In nostr, there are no central servers. Relays are responsible for communicating with clients and providing a history of signed events. But, what happens if some relays know some data about you, and others don’t? This may result in inconsistency of data (such as an inconsistent follower count, or missing notes and reactions).

Inconsistent display of data and inconsistent experience across multiple clients (some may connect you to some relays and others to totally different ones. Differences in caching mechanisms could also impact how data is displayed. All of this may contribute to the impression that the app / client is broken and that it’s not ready for serious consideration.

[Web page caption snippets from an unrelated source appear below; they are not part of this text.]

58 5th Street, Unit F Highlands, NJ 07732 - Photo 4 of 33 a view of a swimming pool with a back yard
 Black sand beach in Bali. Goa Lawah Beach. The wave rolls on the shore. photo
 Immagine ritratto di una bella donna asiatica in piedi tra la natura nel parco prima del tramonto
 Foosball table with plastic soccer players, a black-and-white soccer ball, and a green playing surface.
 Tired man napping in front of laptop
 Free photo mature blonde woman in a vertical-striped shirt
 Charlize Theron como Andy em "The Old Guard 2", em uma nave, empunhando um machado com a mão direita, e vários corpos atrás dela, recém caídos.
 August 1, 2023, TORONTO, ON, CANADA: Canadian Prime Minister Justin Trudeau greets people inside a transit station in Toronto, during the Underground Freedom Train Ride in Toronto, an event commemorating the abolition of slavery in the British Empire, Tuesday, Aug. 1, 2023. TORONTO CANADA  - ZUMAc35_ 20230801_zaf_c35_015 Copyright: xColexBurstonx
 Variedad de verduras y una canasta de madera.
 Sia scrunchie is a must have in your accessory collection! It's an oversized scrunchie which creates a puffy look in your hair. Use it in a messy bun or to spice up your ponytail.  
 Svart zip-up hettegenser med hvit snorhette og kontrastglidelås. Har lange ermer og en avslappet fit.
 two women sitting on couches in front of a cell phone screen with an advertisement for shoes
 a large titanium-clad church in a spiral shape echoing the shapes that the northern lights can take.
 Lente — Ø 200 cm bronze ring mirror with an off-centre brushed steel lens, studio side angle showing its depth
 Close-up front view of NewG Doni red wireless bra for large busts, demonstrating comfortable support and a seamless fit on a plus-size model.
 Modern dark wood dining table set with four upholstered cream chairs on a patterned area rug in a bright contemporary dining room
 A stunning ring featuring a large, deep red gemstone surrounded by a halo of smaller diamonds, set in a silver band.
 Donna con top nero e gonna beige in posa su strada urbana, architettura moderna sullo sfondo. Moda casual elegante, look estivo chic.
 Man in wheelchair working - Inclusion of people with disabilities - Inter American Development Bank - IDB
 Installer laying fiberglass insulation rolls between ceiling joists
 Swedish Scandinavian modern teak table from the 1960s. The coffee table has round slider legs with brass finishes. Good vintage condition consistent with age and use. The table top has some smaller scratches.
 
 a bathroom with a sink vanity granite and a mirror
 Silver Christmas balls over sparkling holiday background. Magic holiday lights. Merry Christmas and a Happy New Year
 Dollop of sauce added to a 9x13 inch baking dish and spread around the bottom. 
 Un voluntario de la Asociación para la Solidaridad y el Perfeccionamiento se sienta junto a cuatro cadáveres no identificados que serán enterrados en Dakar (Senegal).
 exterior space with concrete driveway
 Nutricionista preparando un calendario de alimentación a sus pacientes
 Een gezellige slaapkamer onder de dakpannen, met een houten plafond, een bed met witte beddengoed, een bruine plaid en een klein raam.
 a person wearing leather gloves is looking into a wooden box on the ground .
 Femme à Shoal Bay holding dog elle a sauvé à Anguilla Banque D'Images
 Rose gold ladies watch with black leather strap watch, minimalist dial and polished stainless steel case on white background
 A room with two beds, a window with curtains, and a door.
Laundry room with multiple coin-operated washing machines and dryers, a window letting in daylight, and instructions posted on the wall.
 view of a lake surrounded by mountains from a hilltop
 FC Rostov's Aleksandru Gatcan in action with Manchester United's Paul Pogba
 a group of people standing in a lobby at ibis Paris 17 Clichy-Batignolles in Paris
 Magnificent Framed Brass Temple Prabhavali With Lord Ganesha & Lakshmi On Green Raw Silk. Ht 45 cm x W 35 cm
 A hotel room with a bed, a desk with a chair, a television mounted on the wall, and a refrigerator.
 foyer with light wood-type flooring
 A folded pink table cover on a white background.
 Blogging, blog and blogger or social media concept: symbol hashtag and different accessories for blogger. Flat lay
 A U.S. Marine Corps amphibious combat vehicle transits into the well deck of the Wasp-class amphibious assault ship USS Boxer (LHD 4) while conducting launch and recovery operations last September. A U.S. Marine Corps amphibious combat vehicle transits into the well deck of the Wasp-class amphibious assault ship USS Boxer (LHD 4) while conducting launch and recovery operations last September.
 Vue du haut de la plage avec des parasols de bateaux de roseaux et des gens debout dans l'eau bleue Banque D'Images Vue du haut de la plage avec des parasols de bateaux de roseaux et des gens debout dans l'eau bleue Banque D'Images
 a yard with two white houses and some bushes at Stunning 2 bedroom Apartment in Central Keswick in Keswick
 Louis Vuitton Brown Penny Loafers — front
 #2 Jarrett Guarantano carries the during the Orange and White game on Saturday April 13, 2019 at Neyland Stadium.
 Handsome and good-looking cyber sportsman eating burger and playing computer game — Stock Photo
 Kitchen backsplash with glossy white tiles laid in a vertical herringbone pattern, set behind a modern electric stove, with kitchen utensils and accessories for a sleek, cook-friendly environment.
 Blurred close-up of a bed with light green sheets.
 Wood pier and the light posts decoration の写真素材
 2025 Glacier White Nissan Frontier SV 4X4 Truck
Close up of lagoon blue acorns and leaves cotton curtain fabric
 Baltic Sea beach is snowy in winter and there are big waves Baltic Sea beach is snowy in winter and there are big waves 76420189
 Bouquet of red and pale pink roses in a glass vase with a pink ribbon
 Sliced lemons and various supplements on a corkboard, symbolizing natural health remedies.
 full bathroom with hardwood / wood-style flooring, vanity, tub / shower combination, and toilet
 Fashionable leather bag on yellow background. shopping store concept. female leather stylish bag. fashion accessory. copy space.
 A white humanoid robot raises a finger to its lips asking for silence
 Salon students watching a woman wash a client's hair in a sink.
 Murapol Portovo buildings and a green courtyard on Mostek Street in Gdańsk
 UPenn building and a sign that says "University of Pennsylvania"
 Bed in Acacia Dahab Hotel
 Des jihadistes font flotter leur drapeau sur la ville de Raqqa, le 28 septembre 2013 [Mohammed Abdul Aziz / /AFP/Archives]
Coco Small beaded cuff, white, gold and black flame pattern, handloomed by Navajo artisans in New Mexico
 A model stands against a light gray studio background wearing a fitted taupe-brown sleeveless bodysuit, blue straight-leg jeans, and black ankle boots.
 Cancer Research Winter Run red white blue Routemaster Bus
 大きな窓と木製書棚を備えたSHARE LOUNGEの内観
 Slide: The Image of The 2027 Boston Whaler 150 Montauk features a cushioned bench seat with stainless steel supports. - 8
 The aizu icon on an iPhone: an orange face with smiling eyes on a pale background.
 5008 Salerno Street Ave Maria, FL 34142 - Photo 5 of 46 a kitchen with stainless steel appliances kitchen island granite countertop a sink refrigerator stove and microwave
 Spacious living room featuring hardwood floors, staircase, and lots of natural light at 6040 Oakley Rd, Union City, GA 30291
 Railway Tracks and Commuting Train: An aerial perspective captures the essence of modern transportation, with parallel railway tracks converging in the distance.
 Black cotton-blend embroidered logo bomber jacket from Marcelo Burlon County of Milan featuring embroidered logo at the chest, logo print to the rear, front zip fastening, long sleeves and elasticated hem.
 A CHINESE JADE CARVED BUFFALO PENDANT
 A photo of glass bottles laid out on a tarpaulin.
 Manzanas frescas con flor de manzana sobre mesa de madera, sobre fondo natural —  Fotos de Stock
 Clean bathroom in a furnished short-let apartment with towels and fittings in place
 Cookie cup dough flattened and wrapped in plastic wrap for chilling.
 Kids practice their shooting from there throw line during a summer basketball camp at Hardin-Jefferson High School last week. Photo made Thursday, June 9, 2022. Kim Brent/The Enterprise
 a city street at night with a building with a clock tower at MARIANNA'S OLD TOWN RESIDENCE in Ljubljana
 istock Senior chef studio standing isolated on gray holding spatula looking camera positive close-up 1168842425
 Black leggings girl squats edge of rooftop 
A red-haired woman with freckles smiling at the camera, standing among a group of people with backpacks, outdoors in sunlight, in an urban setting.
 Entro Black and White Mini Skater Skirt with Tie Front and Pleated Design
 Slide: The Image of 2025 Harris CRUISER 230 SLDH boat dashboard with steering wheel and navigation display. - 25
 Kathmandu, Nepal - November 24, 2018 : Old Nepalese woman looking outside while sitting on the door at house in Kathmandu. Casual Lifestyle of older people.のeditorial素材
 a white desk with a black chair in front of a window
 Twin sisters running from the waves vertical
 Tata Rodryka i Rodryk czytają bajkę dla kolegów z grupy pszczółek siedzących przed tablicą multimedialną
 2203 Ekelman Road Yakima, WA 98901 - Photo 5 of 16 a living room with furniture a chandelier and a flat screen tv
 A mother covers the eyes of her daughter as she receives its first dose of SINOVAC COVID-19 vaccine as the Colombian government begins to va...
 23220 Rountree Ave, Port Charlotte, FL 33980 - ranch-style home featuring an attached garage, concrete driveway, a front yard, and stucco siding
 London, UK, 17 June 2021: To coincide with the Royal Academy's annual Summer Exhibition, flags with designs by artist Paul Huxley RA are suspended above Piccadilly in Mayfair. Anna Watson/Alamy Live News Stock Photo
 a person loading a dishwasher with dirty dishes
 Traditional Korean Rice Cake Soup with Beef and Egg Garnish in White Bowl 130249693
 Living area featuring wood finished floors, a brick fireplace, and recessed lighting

Explore Relay Interactions

Challenge #4: How do we explain zaps?

While not part of the core nostr protocol, zaps are popular enough that we should discuss them a bit here. Designers and developers have to consider where in the user journey zaps may be explained if at all.

In this guide we will explore how current clients are explaining zaps (if they are) and where / how we can improve the overall user experience by doing a better job at arming the user with the necessary information.

Explore Zaps

Challenge #5: NIPs

Unlike email clients (e.g. Yahoo, Microsoft Outlook, Gmail email client etc.) which (explaining in an oversimplified way) either support or don't support the email protocol, nostr apps have tens of NIPs, and potentially hundreds of NIP candidates as nostr continues to grow.

A design consequence of a multitude of opt-in NIPs means that there will be sets of apps with little overlap in supported NIPs. This means that a user of app A may not be able to interact with a user on app Y, or vice versa. This also means that unless this is surfaced to either user, they may not be aware that they cannot interact with users of another app.

For further context, Nostrability is a community effort that tracks both negative interoperability (i.e. broken things), and positive interoperability (i.e. championing a single spec) across multiple nostr apps.

Challenge #6: Deletion across tens to hundreds of relays

Event deletion in reference to NIP-09 on nostr carries a unique challenge of asking various distinct relays (i.e. databases) to delete a particular event.

Design considerations

  1. There is no guarantee of deletion on nostr. Therefore it is unintentionally misleading for nostr apps to refer a request to delete as a "delete".

  2. Superior terminology of "deletion request" sets expectations accordingly (see terminology here, and discussion here).

    Open & unanswered design questions

  3. Should the app team warn the user that there is no guarantee anything can be deleted, once posted to nostr?

  4. Should the app explain the difference between nostr relays with different admins, vs sole admin Twitter?

  5. If yes, when is the right moment for this? For instance, is it prior to the user's first nostr post?